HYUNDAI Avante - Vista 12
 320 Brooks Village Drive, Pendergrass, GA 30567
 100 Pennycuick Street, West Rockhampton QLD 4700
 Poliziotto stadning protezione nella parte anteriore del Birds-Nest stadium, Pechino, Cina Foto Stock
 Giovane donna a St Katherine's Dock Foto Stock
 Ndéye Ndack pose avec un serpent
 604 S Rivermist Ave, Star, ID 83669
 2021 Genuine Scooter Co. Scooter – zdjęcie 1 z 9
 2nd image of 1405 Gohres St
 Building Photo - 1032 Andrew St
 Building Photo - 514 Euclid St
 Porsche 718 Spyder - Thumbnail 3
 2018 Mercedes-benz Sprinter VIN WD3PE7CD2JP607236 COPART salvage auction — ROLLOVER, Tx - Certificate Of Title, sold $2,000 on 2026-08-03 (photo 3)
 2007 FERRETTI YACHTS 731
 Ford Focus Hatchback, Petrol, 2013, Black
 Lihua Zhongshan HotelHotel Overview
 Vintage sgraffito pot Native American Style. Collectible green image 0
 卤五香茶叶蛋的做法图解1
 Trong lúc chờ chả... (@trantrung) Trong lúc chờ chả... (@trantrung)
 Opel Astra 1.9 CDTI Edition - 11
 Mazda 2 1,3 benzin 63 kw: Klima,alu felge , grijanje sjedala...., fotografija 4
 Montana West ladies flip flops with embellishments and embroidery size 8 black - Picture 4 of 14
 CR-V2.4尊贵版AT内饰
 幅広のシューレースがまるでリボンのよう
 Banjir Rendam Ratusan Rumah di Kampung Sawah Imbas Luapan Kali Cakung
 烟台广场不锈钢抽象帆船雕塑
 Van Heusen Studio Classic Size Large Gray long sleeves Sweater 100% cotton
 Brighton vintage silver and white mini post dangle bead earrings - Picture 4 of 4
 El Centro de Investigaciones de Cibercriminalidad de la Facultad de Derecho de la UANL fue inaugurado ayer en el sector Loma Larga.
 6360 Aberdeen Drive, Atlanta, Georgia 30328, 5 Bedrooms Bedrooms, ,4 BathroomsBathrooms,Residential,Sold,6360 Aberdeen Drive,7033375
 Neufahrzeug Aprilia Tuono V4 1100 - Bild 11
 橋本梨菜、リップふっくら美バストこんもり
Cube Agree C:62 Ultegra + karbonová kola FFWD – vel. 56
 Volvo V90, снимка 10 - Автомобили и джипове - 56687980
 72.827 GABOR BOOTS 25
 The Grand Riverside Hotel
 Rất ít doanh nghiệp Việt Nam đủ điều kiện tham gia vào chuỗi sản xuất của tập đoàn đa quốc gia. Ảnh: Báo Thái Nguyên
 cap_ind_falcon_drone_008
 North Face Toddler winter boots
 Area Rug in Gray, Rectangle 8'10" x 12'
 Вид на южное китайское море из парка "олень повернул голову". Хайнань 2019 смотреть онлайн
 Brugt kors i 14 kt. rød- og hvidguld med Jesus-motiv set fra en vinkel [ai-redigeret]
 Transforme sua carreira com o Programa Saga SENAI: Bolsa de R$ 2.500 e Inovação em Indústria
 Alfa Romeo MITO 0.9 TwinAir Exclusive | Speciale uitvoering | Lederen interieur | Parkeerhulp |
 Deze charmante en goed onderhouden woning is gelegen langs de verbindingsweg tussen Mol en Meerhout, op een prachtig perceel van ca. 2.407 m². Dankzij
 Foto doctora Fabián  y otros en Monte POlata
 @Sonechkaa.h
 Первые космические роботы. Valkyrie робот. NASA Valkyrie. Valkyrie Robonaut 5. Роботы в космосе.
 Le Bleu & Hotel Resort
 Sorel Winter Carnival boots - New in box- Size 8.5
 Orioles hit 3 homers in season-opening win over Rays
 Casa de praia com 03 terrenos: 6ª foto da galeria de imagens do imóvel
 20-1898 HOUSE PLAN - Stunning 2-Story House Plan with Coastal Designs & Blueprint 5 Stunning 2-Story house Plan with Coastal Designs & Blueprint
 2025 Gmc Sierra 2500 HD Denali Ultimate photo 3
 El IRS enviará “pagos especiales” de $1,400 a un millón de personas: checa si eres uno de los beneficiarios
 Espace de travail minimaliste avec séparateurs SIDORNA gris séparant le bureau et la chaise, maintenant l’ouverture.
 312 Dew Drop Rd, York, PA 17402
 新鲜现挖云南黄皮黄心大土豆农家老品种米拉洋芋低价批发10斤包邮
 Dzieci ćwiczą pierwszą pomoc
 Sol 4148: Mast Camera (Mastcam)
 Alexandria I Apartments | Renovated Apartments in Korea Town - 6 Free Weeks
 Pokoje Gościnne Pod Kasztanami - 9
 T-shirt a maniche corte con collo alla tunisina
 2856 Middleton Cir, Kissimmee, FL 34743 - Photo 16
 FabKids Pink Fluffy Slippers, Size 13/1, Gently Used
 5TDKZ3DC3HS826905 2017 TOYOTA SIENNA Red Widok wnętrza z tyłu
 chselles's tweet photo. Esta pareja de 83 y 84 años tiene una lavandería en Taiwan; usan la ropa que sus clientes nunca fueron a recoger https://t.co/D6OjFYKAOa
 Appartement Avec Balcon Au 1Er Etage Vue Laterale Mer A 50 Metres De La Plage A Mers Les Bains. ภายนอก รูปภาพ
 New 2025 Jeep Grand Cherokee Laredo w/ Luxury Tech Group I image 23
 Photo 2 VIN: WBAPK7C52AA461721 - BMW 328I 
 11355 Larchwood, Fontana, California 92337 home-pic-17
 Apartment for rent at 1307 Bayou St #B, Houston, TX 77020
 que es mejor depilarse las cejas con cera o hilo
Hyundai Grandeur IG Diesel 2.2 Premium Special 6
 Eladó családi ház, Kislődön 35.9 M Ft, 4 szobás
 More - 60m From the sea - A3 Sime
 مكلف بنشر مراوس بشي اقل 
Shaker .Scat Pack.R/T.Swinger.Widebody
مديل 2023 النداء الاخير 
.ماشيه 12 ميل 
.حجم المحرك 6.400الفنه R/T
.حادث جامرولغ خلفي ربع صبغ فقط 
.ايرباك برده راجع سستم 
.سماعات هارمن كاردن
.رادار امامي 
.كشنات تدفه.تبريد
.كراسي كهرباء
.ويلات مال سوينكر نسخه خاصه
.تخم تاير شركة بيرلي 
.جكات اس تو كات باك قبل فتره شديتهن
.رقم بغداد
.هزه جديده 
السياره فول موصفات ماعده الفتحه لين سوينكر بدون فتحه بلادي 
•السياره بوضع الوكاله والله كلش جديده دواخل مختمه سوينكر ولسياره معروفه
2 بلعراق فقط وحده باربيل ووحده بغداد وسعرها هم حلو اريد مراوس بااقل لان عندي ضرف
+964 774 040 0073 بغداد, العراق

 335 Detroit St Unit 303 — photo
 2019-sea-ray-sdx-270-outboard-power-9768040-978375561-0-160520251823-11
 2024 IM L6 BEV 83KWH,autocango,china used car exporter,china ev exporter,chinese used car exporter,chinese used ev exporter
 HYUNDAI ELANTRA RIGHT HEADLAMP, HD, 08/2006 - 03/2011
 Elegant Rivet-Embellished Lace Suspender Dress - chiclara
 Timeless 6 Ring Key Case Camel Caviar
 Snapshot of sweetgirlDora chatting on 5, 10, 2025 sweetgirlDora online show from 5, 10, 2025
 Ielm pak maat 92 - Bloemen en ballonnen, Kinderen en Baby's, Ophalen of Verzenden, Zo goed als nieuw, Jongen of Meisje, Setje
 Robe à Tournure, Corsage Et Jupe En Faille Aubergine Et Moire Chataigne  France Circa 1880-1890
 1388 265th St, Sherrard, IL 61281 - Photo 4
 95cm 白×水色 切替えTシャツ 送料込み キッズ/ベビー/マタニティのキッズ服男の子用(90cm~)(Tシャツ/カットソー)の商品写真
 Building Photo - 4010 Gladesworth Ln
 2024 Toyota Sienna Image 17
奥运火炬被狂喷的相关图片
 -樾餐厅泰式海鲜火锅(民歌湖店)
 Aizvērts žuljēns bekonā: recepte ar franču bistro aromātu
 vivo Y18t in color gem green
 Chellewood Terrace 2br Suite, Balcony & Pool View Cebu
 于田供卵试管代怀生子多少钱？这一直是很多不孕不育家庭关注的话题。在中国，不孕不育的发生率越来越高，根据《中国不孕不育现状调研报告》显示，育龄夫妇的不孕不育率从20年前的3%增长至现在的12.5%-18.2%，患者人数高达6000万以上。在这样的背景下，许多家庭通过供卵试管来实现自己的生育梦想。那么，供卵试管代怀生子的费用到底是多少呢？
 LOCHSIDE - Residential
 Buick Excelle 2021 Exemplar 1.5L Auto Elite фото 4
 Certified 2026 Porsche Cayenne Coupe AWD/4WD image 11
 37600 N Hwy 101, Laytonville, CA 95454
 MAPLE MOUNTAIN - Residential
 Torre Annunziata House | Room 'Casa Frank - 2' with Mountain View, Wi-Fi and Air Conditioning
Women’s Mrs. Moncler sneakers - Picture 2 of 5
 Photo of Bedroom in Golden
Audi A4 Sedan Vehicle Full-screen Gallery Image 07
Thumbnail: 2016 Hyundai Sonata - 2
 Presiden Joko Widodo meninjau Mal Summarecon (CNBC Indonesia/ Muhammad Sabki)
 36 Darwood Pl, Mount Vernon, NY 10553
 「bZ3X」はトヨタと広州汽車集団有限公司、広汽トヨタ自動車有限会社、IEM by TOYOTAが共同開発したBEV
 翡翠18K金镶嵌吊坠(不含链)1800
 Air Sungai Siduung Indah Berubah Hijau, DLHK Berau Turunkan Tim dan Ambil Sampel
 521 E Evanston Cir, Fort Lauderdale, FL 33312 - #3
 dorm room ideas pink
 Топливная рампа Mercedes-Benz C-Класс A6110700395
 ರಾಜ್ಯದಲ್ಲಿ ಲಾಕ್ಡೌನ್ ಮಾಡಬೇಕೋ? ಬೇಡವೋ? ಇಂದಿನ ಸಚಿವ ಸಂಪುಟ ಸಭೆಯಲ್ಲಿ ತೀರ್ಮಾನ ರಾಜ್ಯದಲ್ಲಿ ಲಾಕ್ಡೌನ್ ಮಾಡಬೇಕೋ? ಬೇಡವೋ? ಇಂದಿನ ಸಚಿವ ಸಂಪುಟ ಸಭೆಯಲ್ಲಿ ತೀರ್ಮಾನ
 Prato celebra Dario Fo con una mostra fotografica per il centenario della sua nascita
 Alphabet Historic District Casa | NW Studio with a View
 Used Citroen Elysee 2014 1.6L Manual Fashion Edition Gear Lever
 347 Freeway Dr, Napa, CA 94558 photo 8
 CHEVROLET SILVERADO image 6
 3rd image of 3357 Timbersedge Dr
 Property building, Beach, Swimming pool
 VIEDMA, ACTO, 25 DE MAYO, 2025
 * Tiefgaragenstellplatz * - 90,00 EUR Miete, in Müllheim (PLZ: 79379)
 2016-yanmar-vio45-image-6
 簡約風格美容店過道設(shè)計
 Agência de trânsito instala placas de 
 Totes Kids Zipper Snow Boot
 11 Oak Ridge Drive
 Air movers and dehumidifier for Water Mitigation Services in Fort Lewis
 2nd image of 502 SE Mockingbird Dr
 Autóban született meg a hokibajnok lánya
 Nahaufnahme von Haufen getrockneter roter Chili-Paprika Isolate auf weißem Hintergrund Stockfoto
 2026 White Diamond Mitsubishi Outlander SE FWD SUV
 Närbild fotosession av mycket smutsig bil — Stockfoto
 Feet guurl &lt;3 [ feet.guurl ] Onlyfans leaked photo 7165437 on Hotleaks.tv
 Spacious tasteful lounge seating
━━━━━━━━━━━━━━━━━━━━
Return all lines of the material above in which the word "Drive" occurs.

 320 Brooks Village Drive, Pendergrass, GA 30567
 6360 Aberdeen Drive, Atlanta, Georgia 30328, 5 Bedrooms Bedrooms, ,4 BathroomsBathrooms,Residential,Sold,6360 Aberdeen Drive,7033375
 11 Oak Ridge Drive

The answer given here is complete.